An exemplary Sun Blade 8000 Modular system server blade includes the following features: Four AMD Opteron™ CPUs, single or dual core; 16 PC3200R registered ECC DIMMs, four (4) per CPU (The DIMMs are configured in pairs in order to maximize performance and to take advantage of the AMD Opteron™ CPU's chip-kill feature (Individual CPUs may be configured with or without attached memory of 512 MB, 1 GB, and 2 GB DIMMs); Two hot-swappable SAS or SATA drives, accessible from the front of the blade; nVidia CK8-04 bridge providing 20 lanes of PCI-Express and Southbridge functionality; nVidia IO-4 bridge (a version of the CK8-04 without the Southbridge functionality) providing another 20 lanes of PCI-Express; a Service Processor providing remote KVMS, IPMI BMC functionality and software interfaces to the system controller modules located in the chassis rear (The SP and SCs work together to form complete blade and chassis management functionality); and Front-panel I/O of: VGA, 2×USB, and Serial for emergency management.

The blade architecture provides legacy 32-bit/33 MHz PCI connectivity as needed for the disk and video subsystems, while the main I/O subsystem for application use is provided exclusively by 40 lanes of PCI-Express which connect each blade's CPU subsystem to the NEM and Express Modules plugged into the chassis rear. The backplane provides six (6) ×8 PCI-E links and two management 10/100 Ethernet. The PCI-E Express modules are allocated per blade as follows: One (1) ×8 link to each of the four (4) NEMs; and One (1) ×8 link to each of two (2) EMs. The six ×8 PCI-E links provide flexible and upgradeable I/O. These links connect through the midplane to the internal EM and to the Network Express modules (NEM) and through the NEM to external I/O expansion cabinets or to shared I/O functions. The combined I/O bandwidth available to the blade is 15 GB/sec in each direction.

The blade is approximately 19.5″×18.5″×1.75″ (height×depth×width). Each blade features on its front panel the standard system indicators (Power, Attention, Locate, OK-to-Remove,) reset and power pushbuttons, and a connector for analog Video, dual USB, and serial port. Each blade contains its own power distribution starting from the 48V provided by the power supplies. The blade also provides 12V and standby power to its two associated EM modules. I/O Connectivity is provided through the combination of the Network Express modules (NEMs) and PCI-E Express Express modules (EMs).

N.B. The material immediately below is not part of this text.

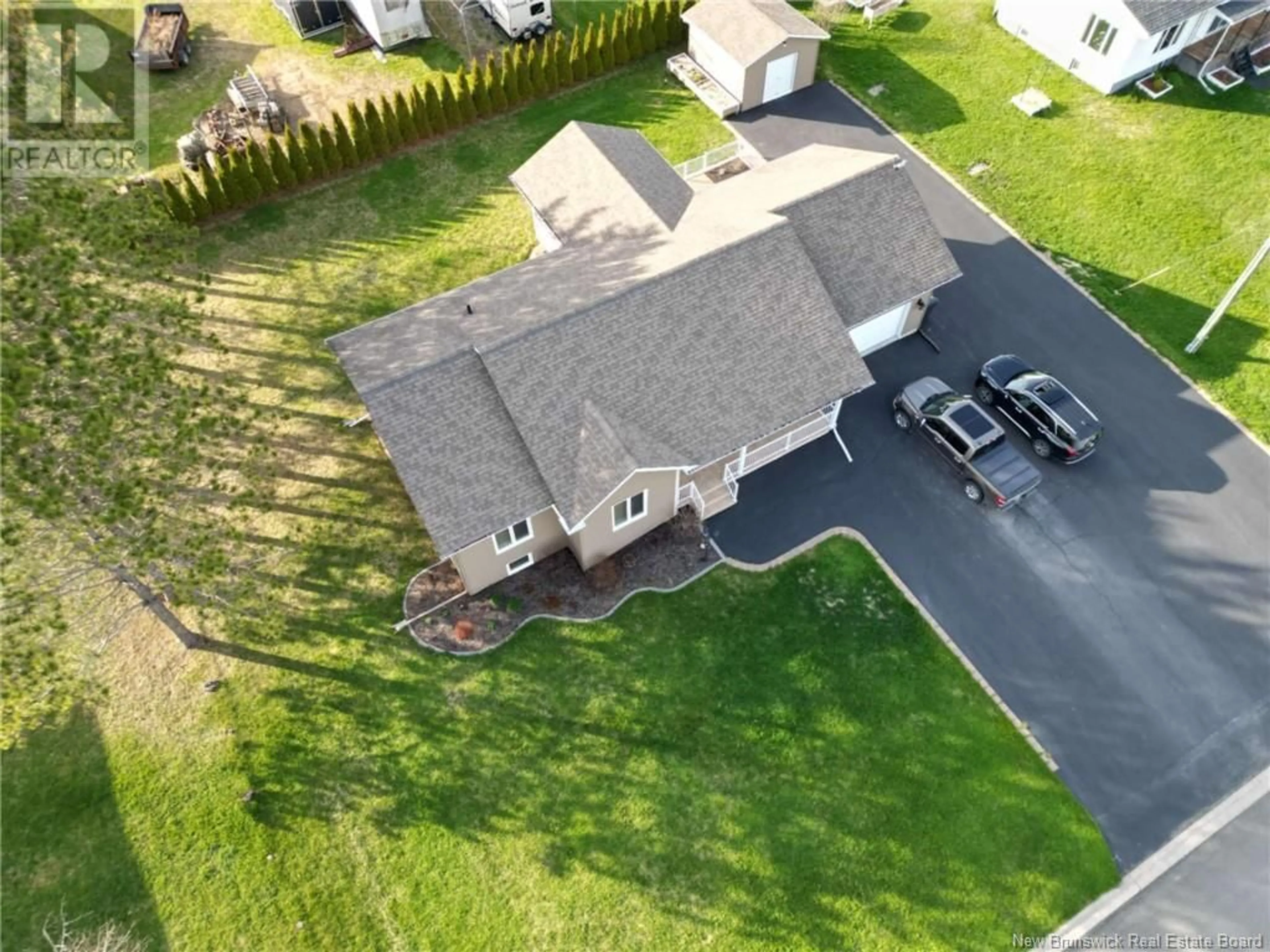 A pic from outside/outdoor area/front of a property/back of a property/a pic from drone, street for 29 VANIER STREET, Grand-Sault/Grand Falls New Brunswick E3Y1G1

The NEMs provide configurable I/O on a “10-blades-at-a-time” basis. The NEMs are a very space efficient mechanism for providing configurable I/O and are the key mechanism for providing the I/O density Apportioning separate physical PCI slots to individual rack-mount servers is an inefficient use of rear-panel real estate. The Sun Blade 8000 Modular system, with its NEMs, provides a higher CPU-memory-I/O density when compared to a similar configuration of 4-way rackmount systems. NEMs provide a way to configure I/O for all blades in a chassis using a single physical module. By combining the I/O functions of all blades in one module, it is also possible to support I/O aggregation functions on a given NEM.

FIG. 20 shows some exemplary embodiments of NEM I/O architectures. In one or more embodiments, individual I/O functions are provided for each blade on its dedicated PCI-E interface, with the resulting S/O interfaces being individually exposed. The NEM may be designed as a Gigabit Ethernet NEM providing a dual GbE NIC to each blade and exporting all resulting 20 GbE links out the rear via RJ45 connections. An example of a similar NEM uses 10 Fibre Channel HBA chips with 10 (or 20) FC interfaces in the rear I/O panel.

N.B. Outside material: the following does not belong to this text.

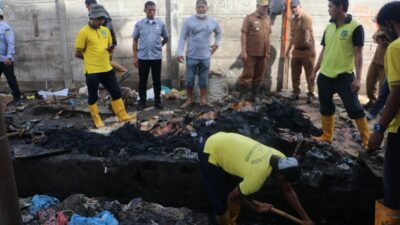 Kolaborasi PUD Pasar, Kecamatan, dan Dinas PU, Drainase Sepanjang 150 Meter Dinormalisasi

One or more embodiments involve the addition of an aggregation function to the I/O interface. In such embodiments, each blade still owns a dedicated I/O chip, such as an Ethernet NIC, but instead of bringing each blade's I/O interface out to the rear panel, the NEM provides an aggregation function such as an embedded Ethernet switch. By providing high bandwidth links at the rear panel, such as 10 GbE, the NEM implements an aggregation function, thereby reducing the cabling needs of the chassis. The aggregation is specific to each I/O technology, such as the aforementioned GbE switch with 10 GbE uplinks, or an FC switch with 4 Gbps uplinks. The number and type of uplinks is also a function of the technology and the desired capabilities. The NEM architecture includes the possibility of a local intelligent “switch processor” (resident on the internal Ethernet management network) that manages the I/O switch depending on needs.

In one or more embodiments each blade is directly connected to two EMs, and to four NEMs, as shown in FIG. 21. The EMs offer independent, dedicated I/O functions on a per blade basis. For example, one blade can be configured with redundant Fibre Channel EMs, while another blade may have a single Fibre Channel EM and a single InfiniBand EM.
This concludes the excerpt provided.